Nouvel appel longue distance - Pablo Trevisi

Pablo Trevisi rappelle sa mère à Buenos Aires : tendre complicité et humour traversent le temps et l'espace...

   

NOUVEL APPEL LONGUE DISTANCE

   

J’appelle ma mère de 80 ans à Buenos Aires. Elle répond en criant parce qu’elle a mis la musique à fond. Elle me dit qu’elle attendait mon appel à côté du téléphone depuis 6h du matin.

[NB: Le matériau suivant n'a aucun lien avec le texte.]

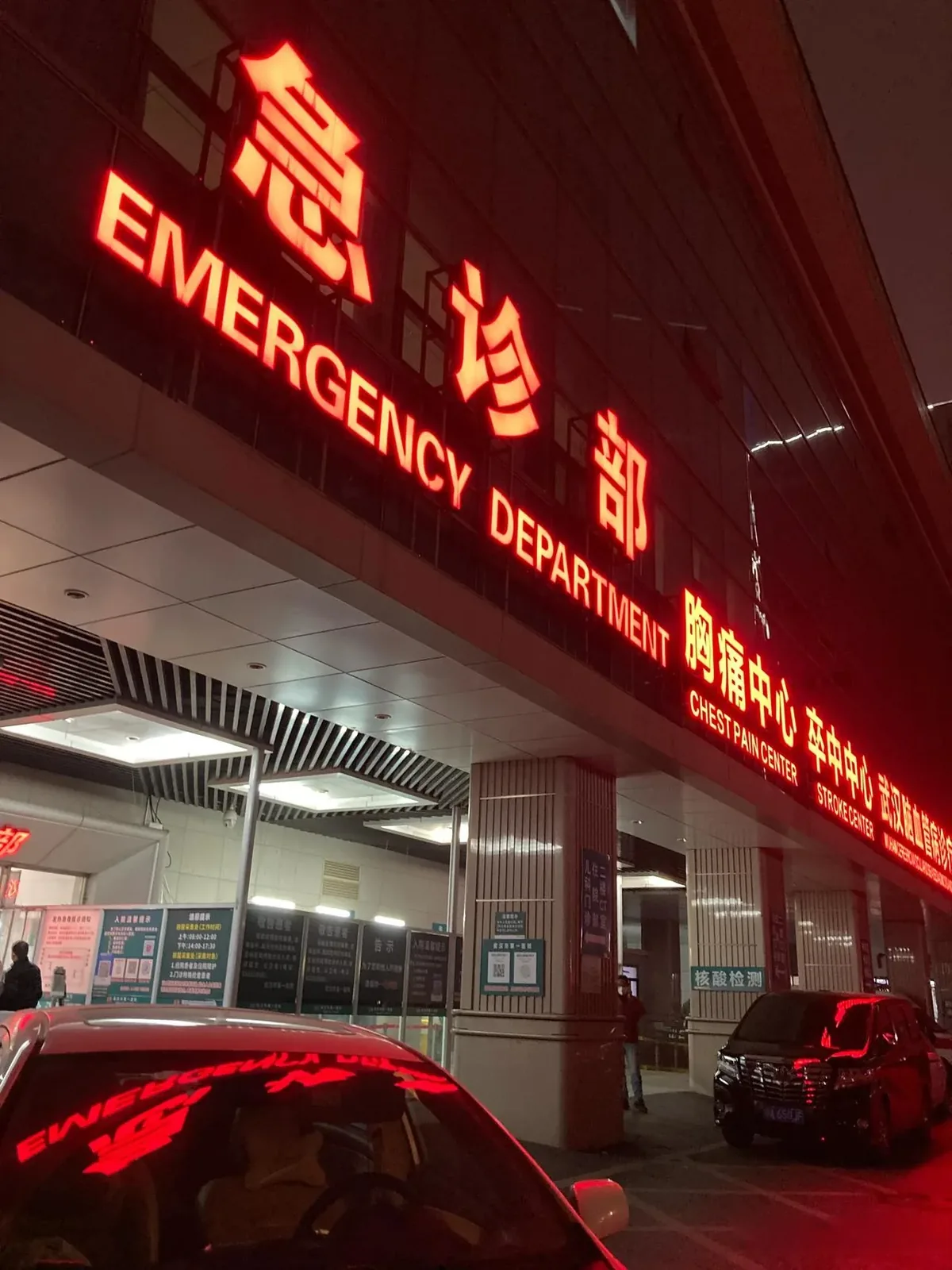 The emergency entrance of a Wuhan hospital at night, lit up and active, where patients and staff move through the 24-hour urgent care system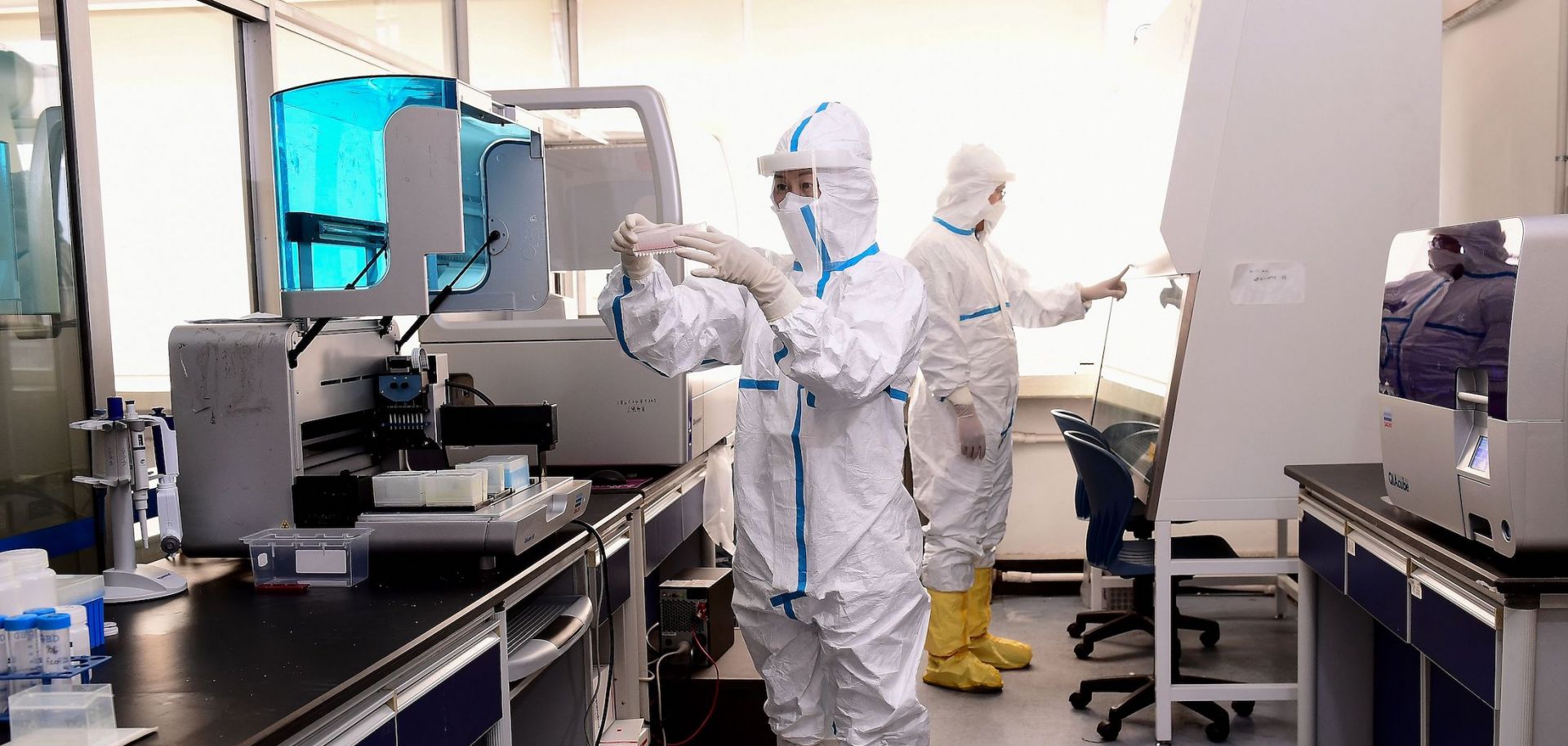 Chinese lab technicians in Shenyang test samples from patients suspected of being ill with the new coronavirus on Feb. 12, 2020.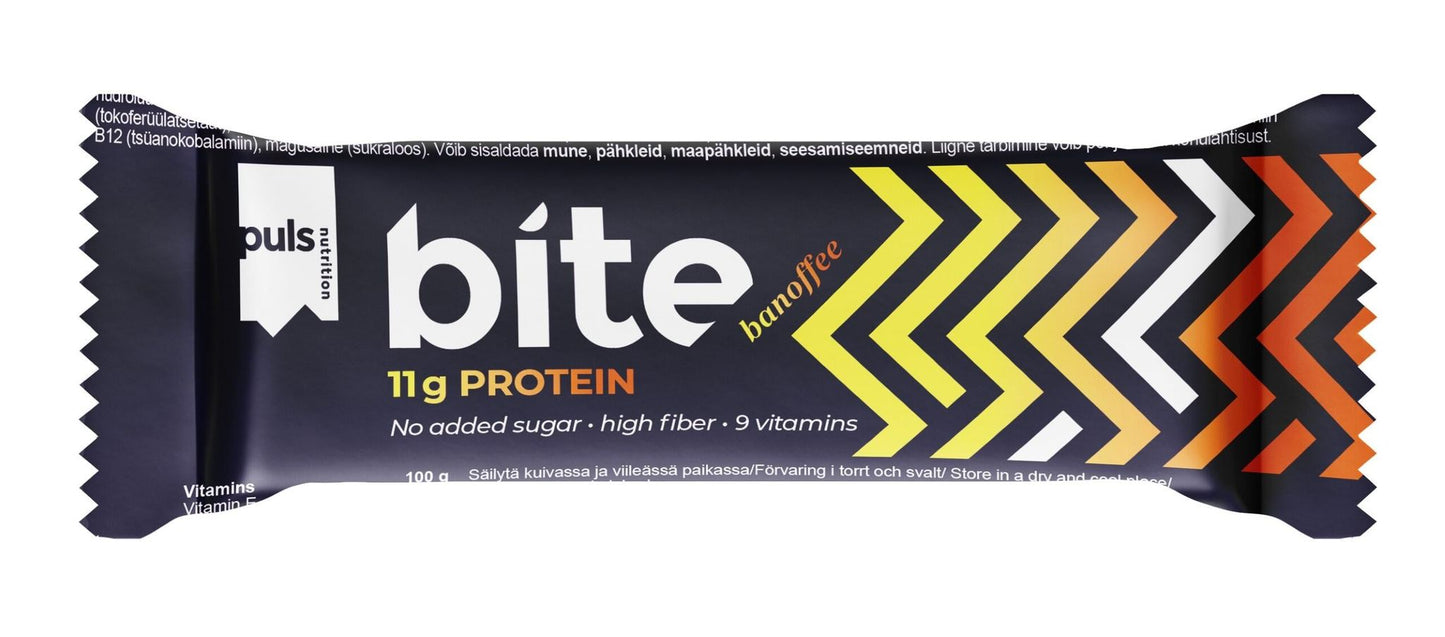 A wrapped protein bar labeled bite banoffee with 11g protein, no added sugar, high fiber, and 9 vitamins. Packaging is rectangular with matte finish. Design shows yellow, orange, and white chevrons on a dark base. Bold sans-serif text in mixed case is used for the label. Product sits alone on a plain surface; background is dark and unpatterned. No people or hands are visible in the shot.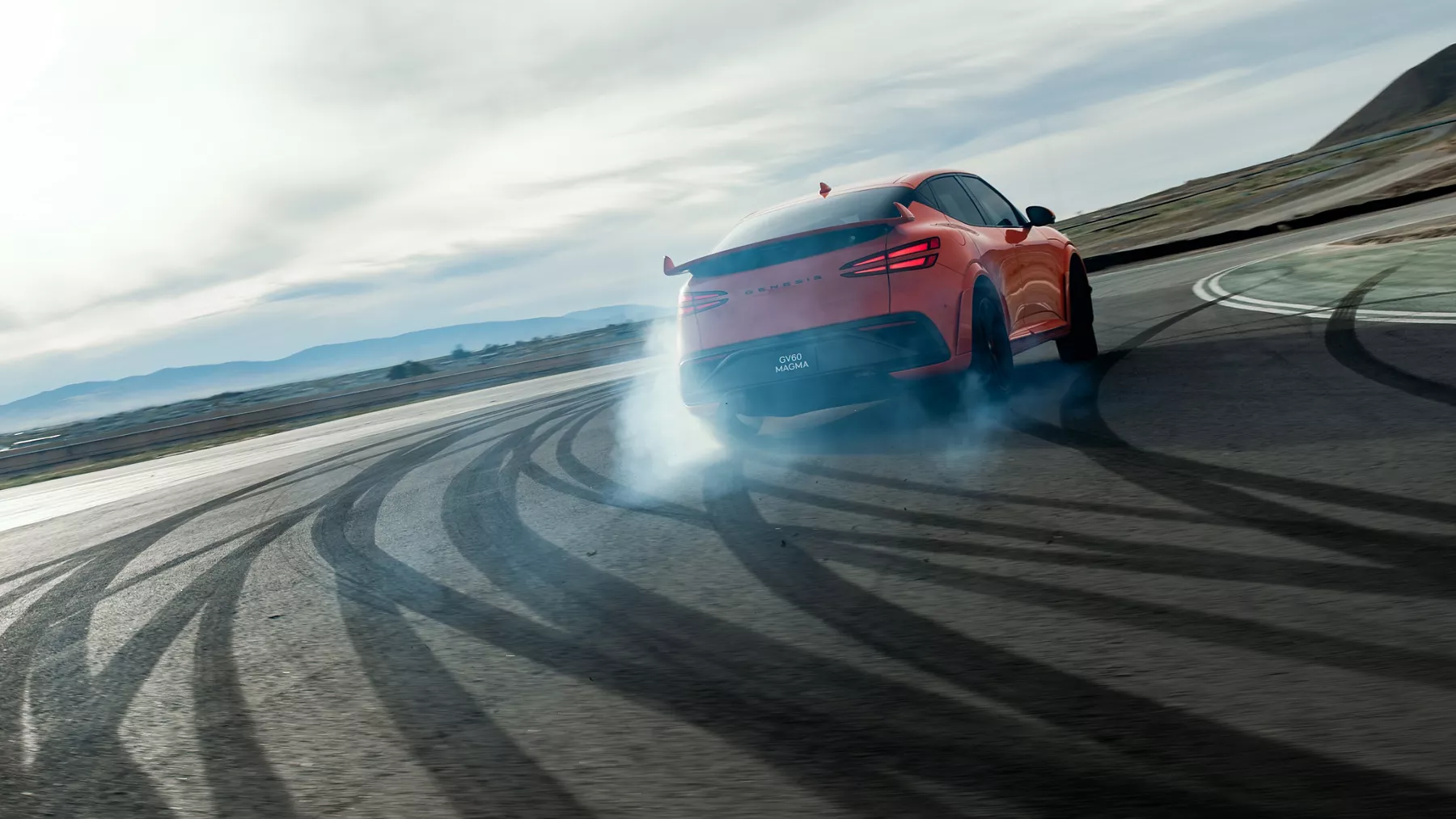 3/4 rear passenger side view of orange Genesis GV60 Magma drifting on race track with smoking tires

Elle veut me faire écouter une chanson qu’elle aime beaucoup.

         — J’écoute le CD depuis trois heures parce que j’espérais que tu m’appellerais juste au moment où la chanson arriverait,  m’explique-t-elle.

Je lui demande de baisser le son, pour qu’on puisse parler tranquillement, mais elle ne m’écoute pas.

          — Maintenant tu vas devoir attendre quatre chansons jusqu’à ce que la chanson que je veux que tu écoutes arrive.

Il est évident qu’elle ne sait pas sélectionner les chansons avec le lecteur CD.

         — Baisse le son, maman, baisse le son ! 

Elle comprend n’importe quoi.

          — Elle est en marbre, très belle, me répond-elle en criant.

Je ne sais pas à quoi elle se réfère, peut-être à la cheminée de son salon. Je lui demande à nouveau de baisser le son, mais finalement elle préfère éteindre la chaîne stéréo.

         — Comme ça tu m’écoutes mieux, me dit-elle et ajoute : je vais t’envoyer le CD par internet parce que c’est plus rapide que de l’envoyer par Western Union. 

Tout de suite, elle change de sujet. Elle me demande si j’ai vu le match de foot entre l’Argentine et l’Allemagne hier. Devant ma réponse négative, elle me fait un résumé, bien qu’elle n’y comprenne rien.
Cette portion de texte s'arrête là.